**PROBLEM:** In the entries below, find every line with the string "Used" and copy it.

----- DATA EXCERPTS -----

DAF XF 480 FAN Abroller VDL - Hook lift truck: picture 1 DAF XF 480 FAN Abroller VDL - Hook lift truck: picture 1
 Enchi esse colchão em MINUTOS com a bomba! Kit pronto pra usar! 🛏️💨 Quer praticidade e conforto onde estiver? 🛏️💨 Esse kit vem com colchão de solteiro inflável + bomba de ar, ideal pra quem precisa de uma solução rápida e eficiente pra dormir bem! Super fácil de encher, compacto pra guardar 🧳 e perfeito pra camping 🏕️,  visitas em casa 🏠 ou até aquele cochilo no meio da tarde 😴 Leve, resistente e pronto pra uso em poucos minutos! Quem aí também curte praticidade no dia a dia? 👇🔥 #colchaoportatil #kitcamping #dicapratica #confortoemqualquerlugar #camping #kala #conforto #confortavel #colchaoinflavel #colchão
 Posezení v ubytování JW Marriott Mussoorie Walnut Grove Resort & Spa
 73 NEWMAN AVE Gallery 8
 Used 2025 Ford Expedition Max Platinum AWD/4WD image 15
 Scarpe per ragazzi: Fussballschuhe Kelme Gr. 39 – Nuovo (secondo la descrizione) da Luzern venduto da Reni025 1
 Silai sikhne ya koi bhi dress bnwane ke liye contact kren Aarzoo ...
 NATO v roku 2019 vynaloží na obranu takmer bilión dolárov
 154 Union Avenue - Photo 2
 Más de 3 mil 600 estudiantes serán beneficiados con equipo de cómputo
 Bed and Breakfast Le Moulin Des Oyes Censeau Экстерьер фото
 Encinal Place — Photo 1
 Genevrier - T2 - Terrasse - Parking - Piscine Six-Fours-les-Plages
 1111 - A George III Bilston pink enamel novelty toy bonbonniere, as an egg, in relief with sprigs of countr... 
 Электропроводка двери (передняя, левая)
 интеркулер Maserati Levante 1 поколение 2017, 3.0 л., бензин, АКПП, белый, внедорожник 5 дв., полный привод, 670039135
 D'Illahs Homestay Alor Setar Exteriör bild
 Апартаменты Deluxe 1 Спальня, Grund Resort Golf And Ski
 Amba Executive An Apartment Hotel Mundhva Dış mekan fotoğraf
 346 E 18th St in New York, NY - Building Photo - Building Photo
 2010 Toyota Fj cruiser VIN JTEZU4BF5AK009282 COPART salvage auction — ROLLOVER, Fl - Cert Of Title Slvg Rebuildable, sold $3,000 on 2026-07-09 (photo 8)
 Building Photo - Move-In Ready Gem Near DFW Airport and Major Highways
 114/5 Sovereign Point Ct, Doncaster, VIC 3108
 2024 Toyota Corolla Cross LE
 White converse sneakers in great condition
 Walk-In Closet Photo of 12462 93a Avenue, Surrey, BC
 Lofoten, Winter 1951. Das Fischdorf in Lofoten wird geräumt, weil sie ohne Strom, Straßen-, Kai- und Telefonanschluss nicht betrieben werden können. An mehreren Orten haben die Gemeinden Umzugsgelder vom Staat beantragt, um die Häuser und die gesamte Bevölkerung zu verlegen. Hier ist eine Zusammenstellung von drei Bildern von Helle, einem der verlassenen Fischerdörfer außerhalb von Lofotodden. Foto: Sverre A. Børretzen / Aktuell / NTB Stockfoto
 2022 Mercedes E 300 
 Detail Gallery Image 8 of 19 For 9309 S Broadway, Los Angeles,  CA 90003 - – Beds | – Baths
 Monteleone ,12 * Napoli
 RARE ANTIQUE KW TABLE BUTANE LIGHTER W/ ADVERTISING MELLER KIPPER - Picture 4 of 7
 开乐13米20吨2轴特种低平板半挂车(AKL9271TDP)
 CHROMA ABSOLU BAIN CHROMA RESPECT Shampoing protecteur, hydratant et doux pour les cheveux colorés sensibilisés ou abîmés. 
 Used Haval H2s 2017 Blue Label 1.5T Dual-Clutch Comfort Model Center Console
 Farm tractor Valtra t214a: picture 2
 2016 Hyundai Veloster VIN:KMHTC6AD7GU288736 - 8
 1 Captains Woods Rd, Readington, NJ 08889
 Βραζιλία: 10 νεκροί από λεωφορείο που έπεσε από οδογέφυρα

-----

**ANSWER FOR THE TASK:**
 Used 2025 Ford Expedition Max Platinum AWD/4WD image 15
 Used Haval H2s 2017 Blue Label 1.5T Dual-Clutch Comfort Model Center Console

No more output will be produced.